Our program adds virtually no costs to the overall production of STR markers, as an additional Illumina Sequencing Library, for example, can be produced by a third party for as little as $200 USD (quote from the Functional Genomics Laboratory at the University of California Berkeley, June 2014). Freely available, iMSAT generates a list of polymorphic STR markers in a fast and cost-effective manner. Although iMSAT recovers far fewer potential STR markers than other programs, its ability to identify candidate polymorphic greatly outweighs the reduction in total numbers of potential markers. Most studies based on STRs have used relatively few markers (10–50) and, statistically, there is no need to develop upwards of 12,000 STR markers that is possible using NGS technologies. The ‘novelty’ of our approach is to use the polymorphism data provided by the raw sequence reads themselves to identify candidate STR markers, and our program takes advantage of the output from existing software tools [28, 33, 34].

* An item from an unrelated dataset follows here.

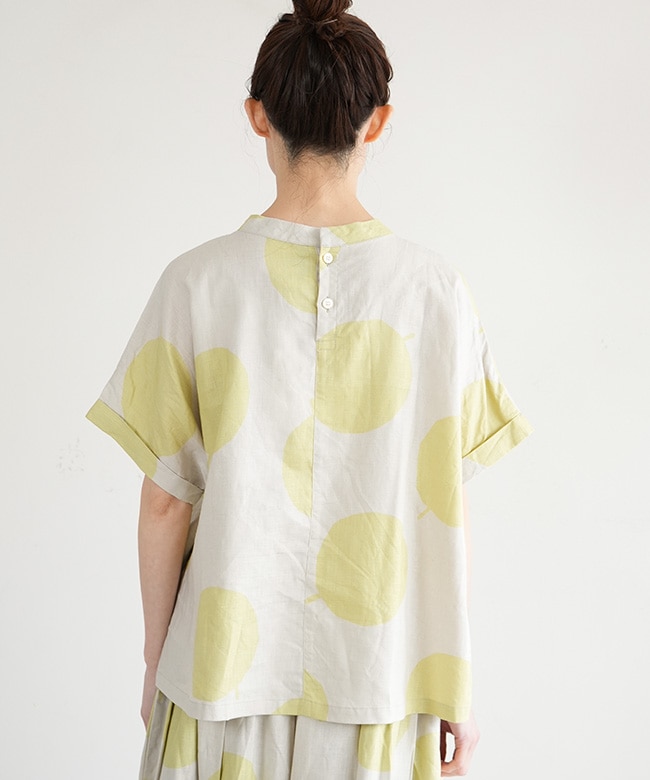 7251T-003] NATURAL LAUNDRY(ナチュラルランドリー) リネンpommeドット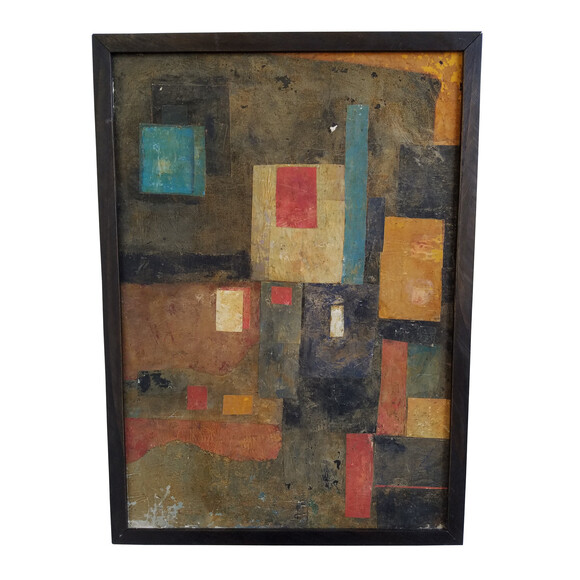 French Mid Century Mixed Media Collage 42253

A similar approach to screening NGS sequence results for polymorphic regions before STR development has previously been presented by Hoffman and Nichols . These authors also pooled DNA extracts to create a single sequencing library for 454 sequencing, re-mapped the individual sequence reads to their de novo assembly, and targeted STR repeats that appeared polymorphic. While similar in that both approaches perform in silico polymorphism detection, ours has the advantages that by using barcoded libraries we were able to assign sequence reads to both of our populations of T. pallidus and C. juglandicola with only a single run each. This advantage is particularly valuable, as it allows the identification of markers that not only are likely to be polymorphic, but whose polymorphism can also be characterized as either within and/or between populations. This greatly increases the utility of the data in generating useful STR markers, and may in part explain the greater rate of success we observed in isolating polymorphic markers.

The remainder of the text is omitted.